The last row in Table 9.1 is for yield and manufacturability. The entries are vague because there is much that is not universally agreed upon for yield and standard cells, including a suitable metric (percentage or number of good dies per wafer, across lots or per lot, etc.), an objective means of calculating the metric, and even the data that would be used in the calculation.

The Ideal Case

Ideally, a yield number could be associated with each standard cell and a synthesis tool could use this yield number, along with power, performance, and area to produce a circuit optimal for the designer’s needs. Several efforts have been made in this area (e.g., [Guardiani 2004] and [Nardi 2004]), and it is certainly a worthy goal to strive for.

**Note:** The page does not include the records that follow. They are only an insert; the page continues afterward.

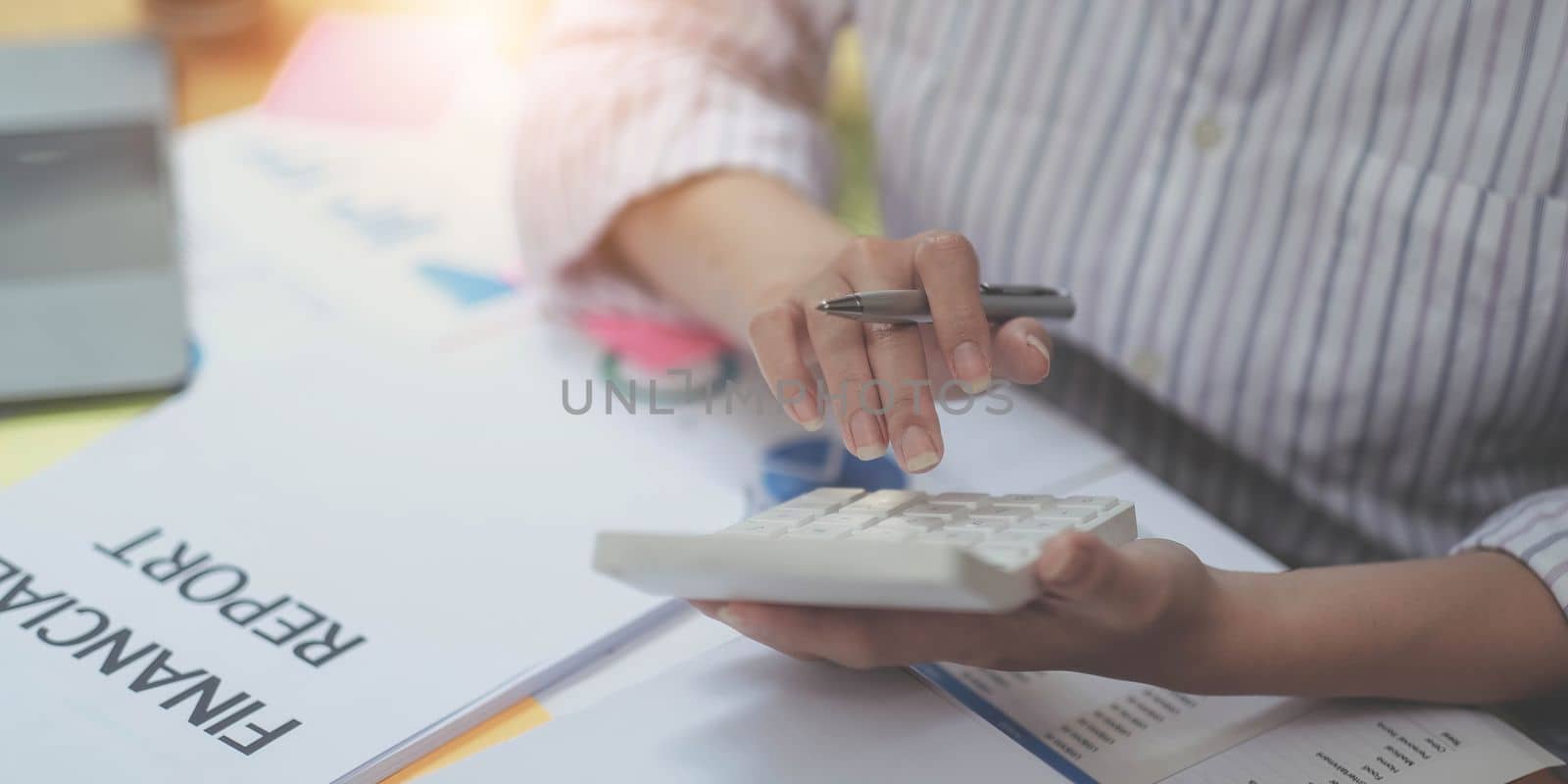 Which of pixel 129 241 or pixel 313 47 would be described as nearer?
pixel 129 241

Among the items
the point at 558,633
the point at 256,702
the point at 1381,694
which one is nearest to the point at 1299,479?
the point at 1381,694

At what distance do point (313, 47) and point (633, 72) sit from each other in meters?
0.38

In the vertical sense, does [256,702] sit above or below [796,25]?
below

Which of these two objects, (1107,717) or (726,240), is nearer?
(1107,717)

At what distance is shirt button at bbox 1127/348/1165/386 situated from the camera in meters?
0.64

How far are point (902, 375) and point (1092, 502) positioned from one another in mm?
76

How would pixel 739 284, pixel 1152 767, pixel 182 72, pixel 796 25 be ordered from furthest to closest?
pixel 182 72 < pixel 796 25 < pixel 739 284 < pixel 1152 767

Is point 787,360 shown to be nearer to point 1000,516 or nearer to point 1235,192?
point 1000,516

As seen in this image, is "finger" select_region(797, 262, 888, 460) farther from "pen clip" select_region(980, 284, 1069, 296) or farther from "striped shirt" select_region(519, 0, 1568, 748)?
"striped shirt" select_region(519, 0, 1568, 748)

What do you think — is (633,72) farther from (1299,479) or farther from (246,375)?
(1299,479)

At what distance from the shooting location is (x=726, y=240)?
64 centimetres

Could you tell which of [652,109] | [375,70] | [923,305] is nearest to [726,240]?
[652,109]

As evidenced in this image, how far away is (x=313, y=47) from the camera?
967 millimetres

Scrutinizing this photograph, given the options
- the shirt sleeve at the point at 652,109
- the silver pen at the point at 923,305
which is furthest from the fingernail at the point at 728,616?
the shirt sleeve at the point at 652,109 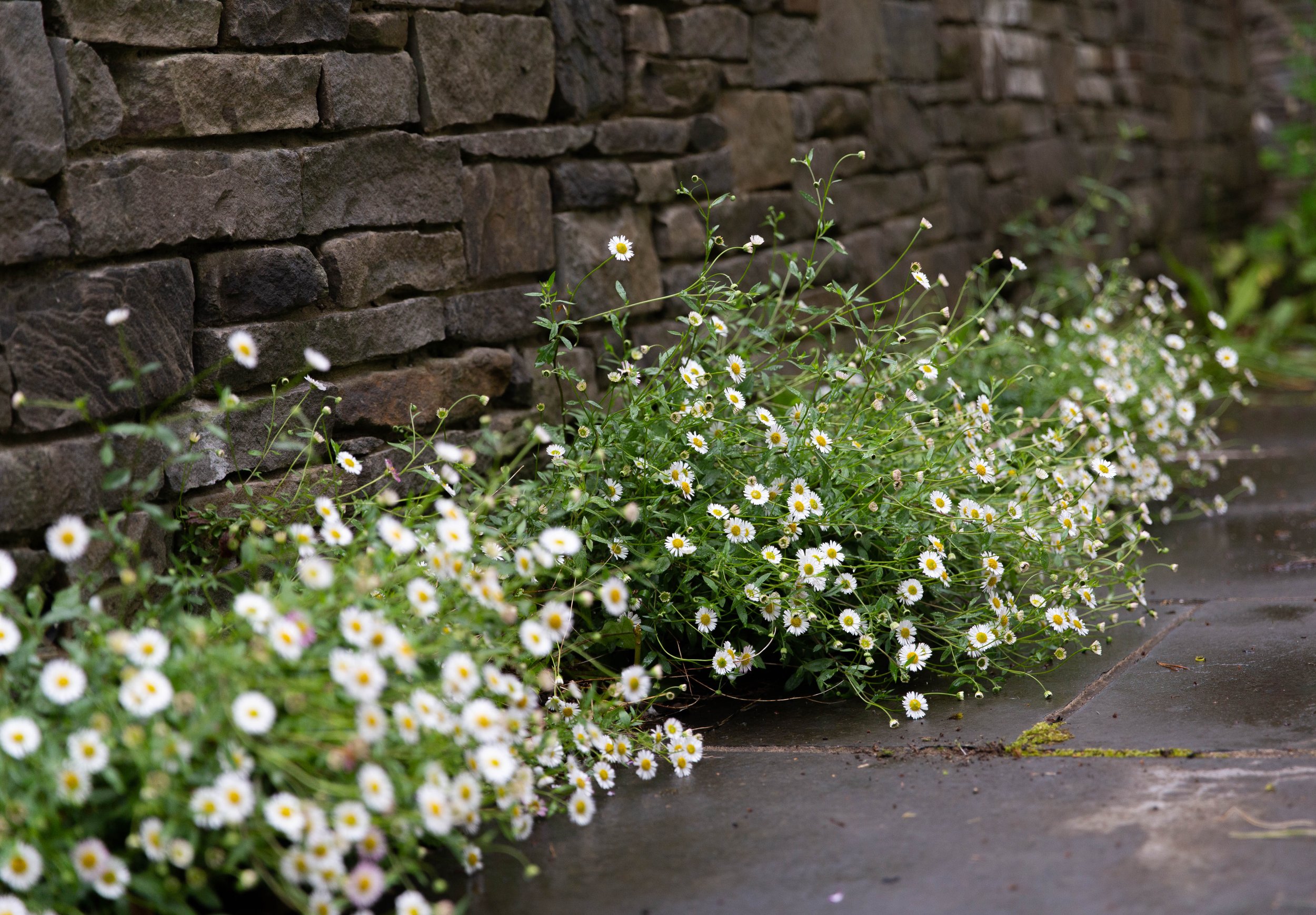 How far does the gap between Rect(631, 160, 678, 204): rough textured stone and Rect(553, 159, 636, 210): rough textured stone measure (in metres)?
0.03

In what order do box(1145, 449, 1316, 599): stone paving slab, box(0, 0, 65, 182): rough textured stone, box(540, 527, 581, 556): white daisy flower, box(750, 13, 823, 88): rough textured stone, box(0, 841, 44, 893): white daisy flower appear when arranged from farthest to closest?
box(750, 13, 823, 88): rough textured stone → box(1145, 449, 1316, 599): stone paving slab → box(0, 0, 65, 182): rough textured stone → box(540, 527, 581, 556): white daisy flower → box(0, 841, 44, 893): white daisy flower

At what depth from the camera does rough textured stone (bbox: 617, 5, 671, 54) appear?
3043 millimetres

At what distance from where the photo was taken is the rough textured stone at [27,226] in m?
1.84

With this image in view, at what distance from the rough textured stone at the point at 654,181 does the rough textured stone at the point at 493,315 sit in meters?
0.46


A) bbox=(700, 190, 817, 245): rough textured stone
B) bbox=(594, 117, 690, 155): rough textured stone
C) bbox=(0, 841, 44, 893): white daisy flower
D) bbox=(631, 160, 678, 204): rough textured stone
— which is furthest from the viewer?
bbox=(700, 190, 817, 245): rough textured stone

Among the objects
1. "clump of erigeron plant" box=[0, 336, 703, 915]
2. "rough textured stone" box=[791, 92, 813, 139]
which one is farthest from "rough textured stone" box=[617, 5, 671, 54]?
"clump of erigeron plant" box=[0, 336, 703, 915]

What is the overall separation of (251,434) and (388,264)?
461mm

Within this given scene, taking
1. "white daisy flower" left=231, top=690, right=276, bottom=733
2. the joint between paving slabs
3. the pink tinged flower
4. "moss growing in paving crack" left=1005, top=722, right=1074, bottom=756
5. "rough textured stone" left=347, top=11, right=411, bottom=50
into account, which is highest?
"rough textured stone" left=347, top=11, right=411, bottom=50

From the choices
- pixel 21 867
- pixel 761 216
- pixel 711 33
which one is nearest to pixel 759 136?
pixel 761 216

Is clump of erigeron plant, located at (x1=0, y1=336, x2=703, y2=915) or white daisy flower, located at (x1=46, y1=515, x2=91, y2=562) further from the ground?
white daisy flower, located at (x1=46, y1=515, x2=91, y2=562)

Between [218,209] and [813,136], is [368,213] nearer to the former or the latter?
[218,209]

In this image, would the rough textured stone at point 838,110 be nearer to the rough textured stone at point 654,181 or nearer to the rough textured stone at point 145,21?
A: the rough textured stone at point 654,181

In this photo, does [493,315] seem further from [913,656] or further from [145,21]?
[913,656]

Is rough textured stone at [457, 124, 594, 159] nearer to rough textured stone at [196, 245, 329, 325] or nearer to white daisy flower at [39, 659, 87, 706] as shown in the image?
rough textured stone at [196, 245, 329, 325]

The major difficulty with the ideal case, as noted earlier, is that a manufacturing process is not static (see Figure 9.22). As problems are found, they are fixed. A single yield number associated with any specific problem would be inadequate. Recharacterization of the library might help a subsequent design, but it is too late for one that has already gone to silicon. Some process changes are predictable in advance (e.g., steady decline in defect density over a product lifetime), whereas others are not (e.g., changes caused by moving to a different equipment set).

Observation 1

A yield metric must be able to adapt to changing process conditions in order to be useful over time.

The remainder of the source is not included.